L’un de mes vieux maître d’apprentissage le père Robin, excellent pastelliste, en nous faisant préparer ses feuilles de cartons que nous encollions à chaud d’un mélange de colle de peau et de poudre de ponce, pour l’accroche du pastel, grommelait souvent de sa voix chevrotante pour nous encourager: - « En peinture les années les plus difficiles sont les quarante premières, ensuite ce sont les plus exigeantes. »
Drôle d’époque me direz-vous mais avec le temps, à y regarder de plus près, en peinture, au pastel ou en dessin, les paroles de ce vieil acariâtre, m’ont souvent rassuré à des moments de doute ou de saturation, à cette période aussi ou la figuration n’avait pas bonne presse
Le pastel c’est l’ouverture à la couleur, et quelles couleurs!
Une gamme impressionnante de plus de 150 bâtonnets aux tonalités toutes distinctes et d’une présence intense dans leurs nuances respectives. Faciles à reconnaître lorsqu'ils sont bien rangés, au garde-à- vous comme à la parade, dans leur carré d’origine.
À les regarder ils vous font Général. Mais attendez une première bataille ou même quelques échauffourées et vous vous apercevrez qu’ils vous font très vite simple mercenaire plutôt que haut gradé.
Cette bande de séducteurs n’a de cesse de vous amadouer et quand vous les étalez sur un papier blanc immaculé ils ne se supportent pas entre eux et surtout d’être mélangés. Sans compter que certains bavent, d’autre plus incisifs glissent de vos doigts ou se rompent à la première pression.
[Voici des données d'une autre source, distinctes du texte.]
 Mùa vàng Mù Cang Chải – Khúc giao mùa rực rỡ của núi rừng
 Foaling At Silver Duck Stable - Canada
Et pourtant, à les regarder un par un, quelle distinction! Oui c’est cela il faut les distinguer, peut-être encore plus lorsqu'ils sont exténués, poussiéreux comme de vieux grognards car, si vous les essuyez un peu ou même juste effleurez, leur œil pétille encore jusqu'à la dernière pincée et rien, ni le temps, ni le vent, ne pourra éteindre l’éclat de leur pigment. En effet Le pastel sec est à ma connaissance le seul matériau dont la couleur ne s’oxyde pas.
Portrait au pastel
Je me souviens de cette séance de pose dans ma maison du Poiré sur Velluire comme si c’était hier.
Je n’ avais pas installé Robert, juste laissé là planté debout à quelques mètres de mon chevalet derrière lequel j’apparaissais de temps en temps comme à l’affût pour capter son regard.
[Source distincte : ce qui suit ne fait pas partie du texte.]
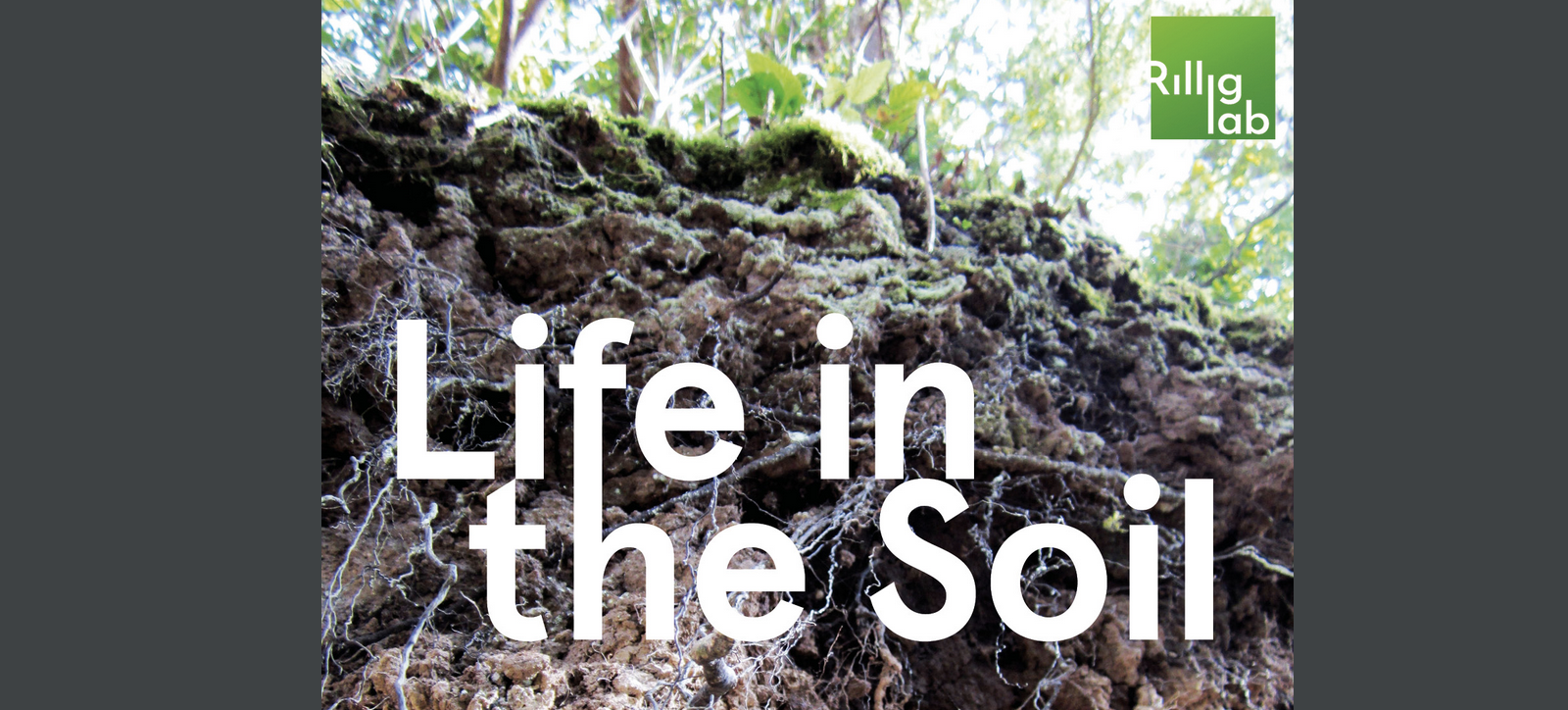 A great podcast series on life in the soil.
Au bout d’une demi-heure souriant mais inquiet il me lança:
- «Ta l’air d’un sorcier » .
je l’invitais à s’ asseoir pour faire une pose bien mérité devant un petit verre de vin puis, sans lui montrer le travail en cours, nous reprîmes la séance. Taiseux, ses yeux se demandaient…
Une vingtaine de minutes plus tard je lui posais la question:
- « Ça va Robert? »
- «Y me demande bé ce que tu boutiques derrière ton machin! »
Voilà tout était dit, pour moi comme pour lui.
Le portrait c’est la découverte d’une personne en tant que telle ; permettre de s'attacher davantage à cette personne par l’expression, le regard, le sourire ... Quoi de mieux que le pastel pour dresser un portrait avec ses teintes poudrées qui s’étalent comme le fard d’un maquillage et dévoile une singulière présence émanant d’un petit je ne sais quoi…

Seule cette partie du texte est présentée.